The Feminist Promise
Page 27
On the face of the matter, a civil rights bill could easily have included prohibitions against sex discrimination. Activated by the civil rights movement, the old parallel between race and sex discrimination had already popped up again in American Women. But Esther Peterson and others on the PCSW, the most likely people in the administration to push the matter, saw black civil rights as more urgent. Thus apparently no one mentioned to LBJ the possibility of including sex in the omnibus bill he sent to Congress in 1964.83
The relationship between race and sex soon surfaced, though, deployed and exploited by opponents. The Woman’s Party, faced with a civil rights bill that had nothing to do with women, objected to legislation that supposedly gave exclusive advantages to black men. Southern Democrats in the House, failing in their efforts to block the bill, seized upon the sex discrimination issue the Women’s Party handed them as a way to discredit the CRA. In debate on the floor of the House, the segregationist Virginia congressman Howard Smith tossed in a rider to the bill—Title VII—that outlawed sex discrimination in employment. His intention was to make the CRA look ridiculous. The point of the rider was that the very idea of discrimination was absurd: People got the jobs that they were suited for; there was nothing unfair about it. Presenting Title VII, Smith inquired of his colleagues with faux naïveté: If the government protected the rights of racial minorities (implicitly unqualified) to get jobs, well, why not protect the rights of spinsters (implicitly unlovable) to get husbands? The joke tickled representatives on both sides of the aisle. Chuckles and guffaws lightened the tense mood. Sexism was nothing if not a unifier of men.84
Smith was drawing water at the well of one of the deepest presumptions about women in American life. His joke followed the lines of the quip John Adams made two centuries before, when Abigail asked him to remember the ladies. If women were included in the provisions for full citizenship, why then, why not every servant, pauper, and apprentice boy? Anyone who subscribed to any kind of prejudice, anywhere, anytime, could always cite women’s exclusion to buttress their position, because it appeared so natural. If you were going to protect the rights of racial minorities—this is what Smith’s joke really came down to—well why not—heh heh—protect the rights of women, too?

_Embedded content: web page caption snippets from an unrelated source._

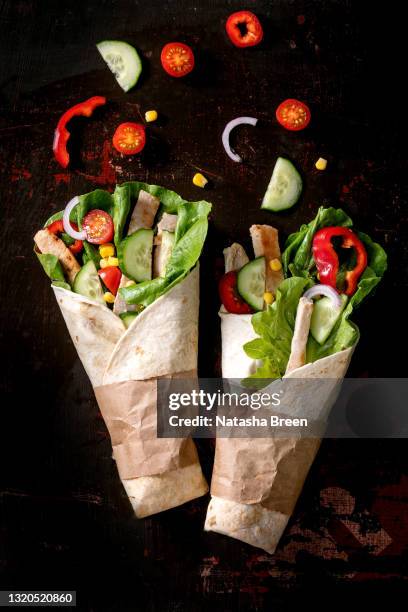 traditional mexican tortila wrap with pork meat - fajita photos et images de collection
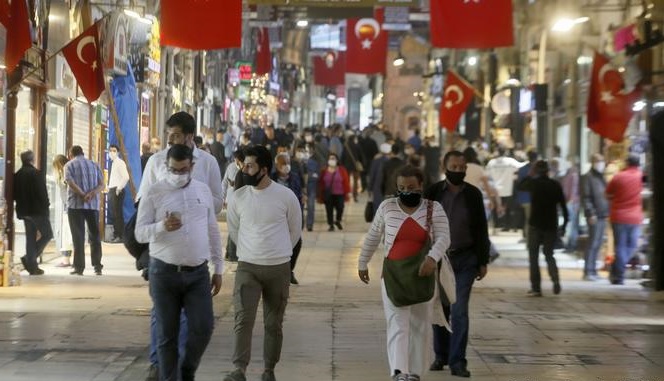 افزایش شمار موارد ابتلا به کرونا و کاهش فوتی‌ها در ترکیه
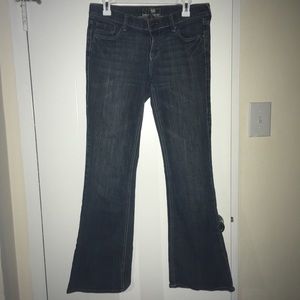 New York & Company jeans with flap pockets, size 6
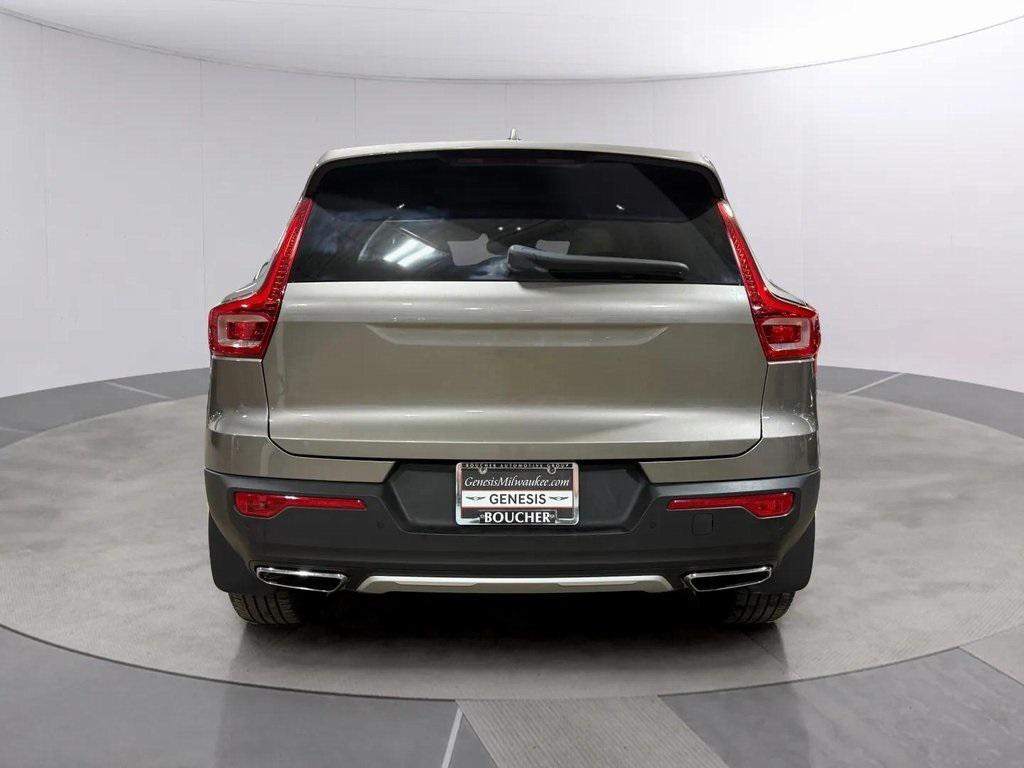 used 2020 Volvo XC40 car, priced at $21,179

But it was a fateful turn in the history of the joke. Martha Griffiths, an ERA supporter and well-respected Michigan Democrat, took the floor and like a veteran schoolteacher calling unruly boys to order put a stop to the hijinks. Griffiths supported Title VII for good reasons, not because she was trying to sabotage the CRA. But Griffiths too called up the turn-of-the-century paradigm of women being white. While she took care to note that black women also needed protection, she used racially differentiated language, playing to Southern members with the plea that the CRA was going to leave white women disadvantaged and unprotected. “When the colored woman shows up and she is qualified, she is going to have an open entrée into any particular field,” and that was okay. But the problem was that black men would feast on antidiscrimination measures; black women would get a few bones; and white women would come up with nothing at all. “It would be incredible to me that white men would be willing to place white women at such a disadvantage except that white men have done this before,” she scolded, calling up the nearly forgotten history of the rift over the Fourteenth and Fifteenth amendments.85
Liberal Democrats, the backbone of support for the CRA, objected to Title VII. They believed it would endanger the CRA’s passage or, if it did pass, make the legislation too unwieldy to implement. In the end, though, Title VII survived in the House, voted through by a coalition of Southern Democrats and conservative Republicans. In the Senate, moderates of both parties, led by Margaret Chase Smith, Republican of Maine and one of only two female senators, shepherded the bill through without any further emendations.86
With such a compromised beginning, there would seem little to expect from Title VII. Yet the subsequent history shows how political outcomes can outrun their origins. The NWP began to come around. The organization would never be a principled exponent of civil rights, but as legal scholar Serena Mayeri points out, “Title VII helped to bring about a significant retreat from the explicitly racialist feminism the NWP had previously sponsored.” “Today it is the negro women who will win for all of us equal rights,” cheerfully observed member Meta Heller. “I only wish all women’s organizations would get behind the civil rights movement, forgetting their prejudices for their own advancement.”87 More important, over the next three years workingwomen responded energetically. In the end Title VII belonged not to the Woman’s Party or racist Southern congressmen but to the workingwomen—black and white—who responded in force and to the political movement they touched off, which no one could have forseen.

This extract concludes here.